Start of The data
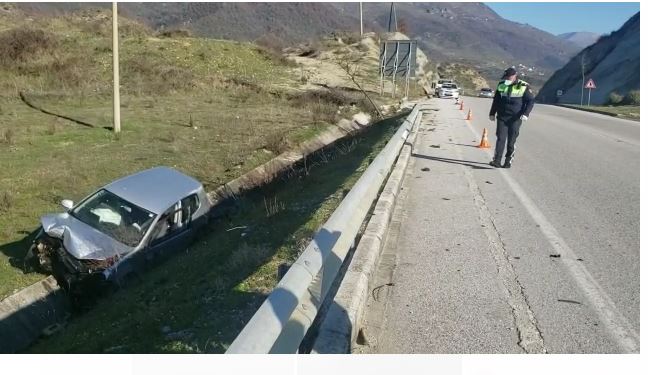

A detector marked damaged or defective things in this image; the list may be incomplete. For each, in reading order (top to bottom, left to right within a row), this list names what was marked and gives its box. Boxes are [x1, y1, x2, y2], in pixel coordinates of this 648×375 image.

damaged silver car [26, 167, 210, 294]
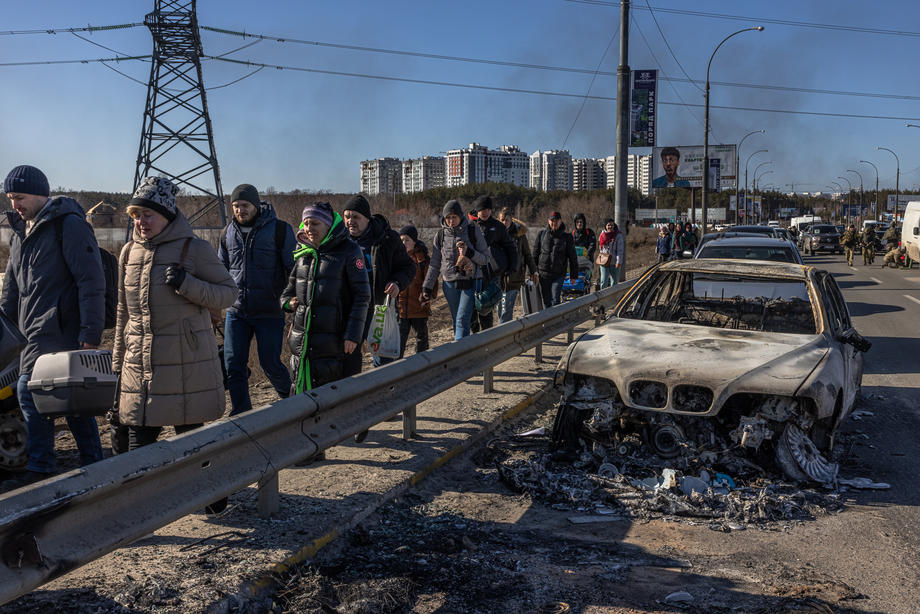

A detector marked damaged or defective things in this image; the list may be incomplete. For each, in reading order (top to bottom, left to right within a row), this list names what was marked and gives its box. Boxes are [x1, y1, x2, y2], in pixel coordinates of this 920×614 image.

burned car [552, 260, 868, 486]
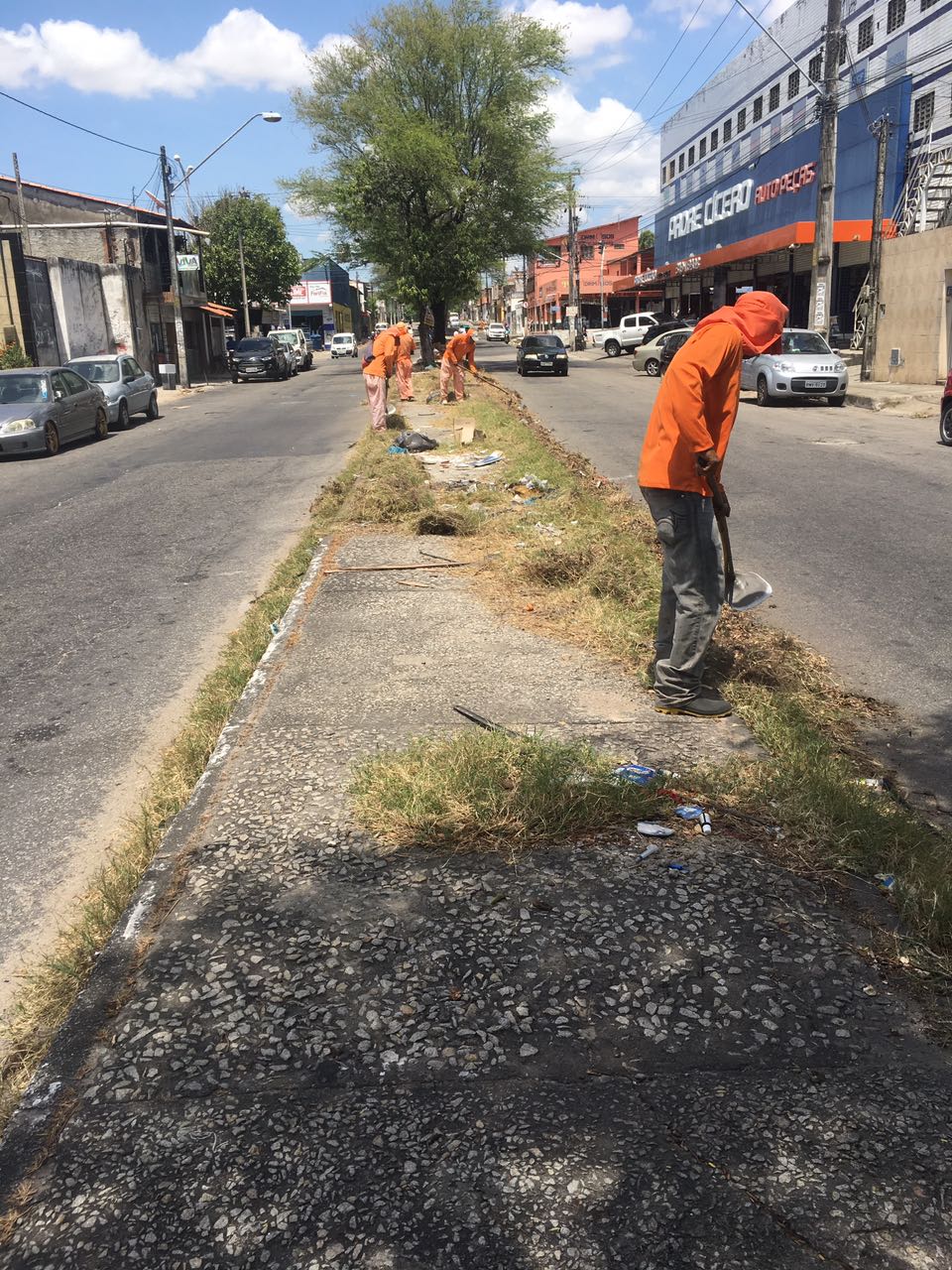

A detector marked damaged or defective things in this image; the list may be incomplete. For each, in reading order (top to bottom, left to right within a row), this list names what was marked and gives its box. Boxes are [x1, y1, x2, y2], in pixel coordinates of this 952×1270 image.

cracked asphalt [3, 540, 948, 1270]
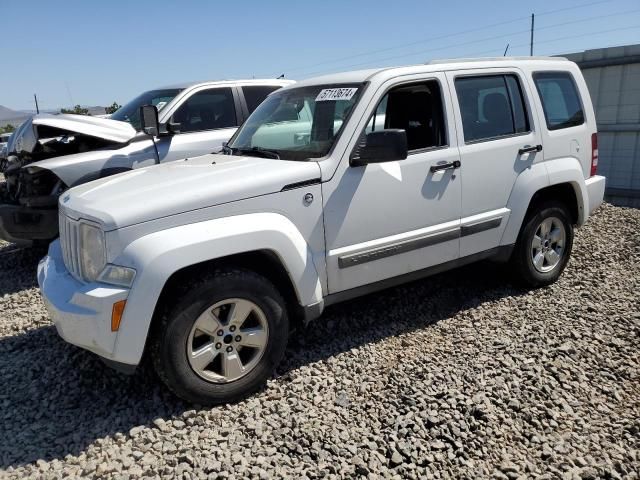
End of The data
What is needed:
Please set down only the lines from the one containing "this 920×614 image." through the end of the entries, exactly as they stand, both ends included and with no pictures.

Expected answer:
A detector marked damaged or defective things in this image; the list may be incomplete. For each, in reading order (top to bottom, left to right within a row), this list names what was marked and gives its box. Boxes are [x1, y1, x2, y2], in pixel coordinates of this 920×614 image.

burned car [552, 260, 868, 486]

A detector marked damaged or defective things in this image; the list may be incomplete. For each, in reading order (top to bottom, left to right within a row), this list names what was marked and gives its box. Boxes are [x1, y1, x2, y2], in pixel coordinates of this 952×1270 image.

cracked asphalt [3, 540, 948, 1270]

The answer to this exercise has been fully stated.